Qui sont vos clients potentiels?
Les producteurs de biogaz, les agriculteurs et principalement des éleveurs, des stations d’épuration municipales, des exploitants mais aussi des promoteurs de bâtiments durables, l’hôtellerie, etc. Nous pouvons être actifs partout où il est question des eaux usées.
Beaucoup de professionnels du secteur pensent que les besoins en eau changeront d’ici les 30 ans à venir. En allant de plus en plus vers les bâtiments durables et autonomes, il faudra inévitablement se poser la question de la réutilisation de l’eau et donc de son système de filtrage.
 
D’où le terme de révolution. Comment cette technologie peut-elle se développer à l’avenir?
La question des pressions toujours plus constantes que nous exerçons sur nos ressources naturelles en eau, et qui seront de plus en plus précieuses à l’avenir, se pose déjà. L’eau prélevée dans le milieu naturel servira d’abord aux usages nobles, et après une ou plusieurs préparations au recyclage, elle servira à l’arrosage, pour les toilettes et pour alimenter une chaudière par exemple. Après ces usages successifs, elle retrouvera le chemin des canalisations, de la station d’épuration et enfin de la nature.

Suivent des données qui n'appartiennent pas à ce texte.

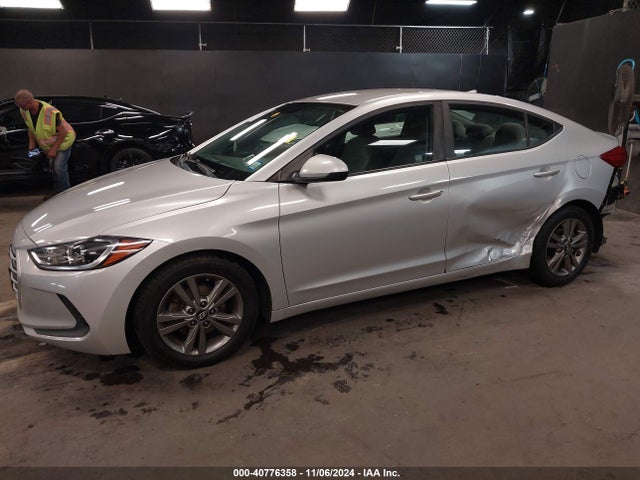 Hyundai ELANTRA SEL 2018 5NPD84LF4JH328219 Image 2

Cette solution écologique, serait également une issue économique car aujourd’hui, les deux tiers du prix de l’eau proviennent des moyens de son acheminement. D’ici 2050, le Luxembourg comptera plus d’un million d’habitants et ce doublement de la population sera autant de tuyaux d’approvisionnement à poser, puis à entretenir.

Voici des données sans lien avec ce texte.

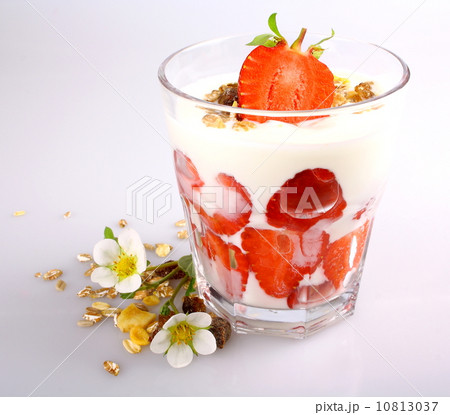 Strawberry with yogurt in glass and cereal Strawberry with yogurt in glass and cereal 10813037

Le recyclage limiterait les approvisionnements d’eau par immeubles, quartiers, ou du moins, par zones et le système centralisé serait soulagé par des systèmes décentralisés. Le coût de remplacement du réseau serait bien moindre et la responsabilité des consommateurs bien plus grande; c’est notre relation à l’eau qui changera, moins notre façon de l’utiliser.
 
Comment s’est passée l’année 2016?
En début d’année 2016, nous étions encore à un stade d’essai et nos bons résultats nous ont permis de participer à la foire d’Ettelbruck au mois de juillet qui a constitué le lancement commercial d’Ama Mundu Technologies. Un an après, notre startup rencontre déjà des intentions de commandes dans les secteurs de la production de biogaz et des stations d’épurations avancées.
 
Quelles sont les prochaines étapes?
Nous allons prendre grand soin de nos premières unités industrielle afin d’y apporter des améliorations et notre objectif pour la fin 2018 est de définir des équipements de série.
Nous avons aussi pris part à un deuxième projet de recherche appelé “Persephone“ dans lequel nous travaillons en collaboration avec les instituts et les agriculteurs de la Grande Région et des Pays-Bas. Nous travaillons de manière pragmatique avec les agriculteurs dans le but de créer des engrais réutilisables.
Nous travaillons activement avec le ministère de l’Economie qui nous cofinance mais aussi avec celui de l’Agriculture et celui de l’Environnement qui sont naturellement intéressés par l’émergence de solutions fiables et à bas coûts qui résoudraient les problèmes d’épandage et leur impact sur les nappes phréatiques.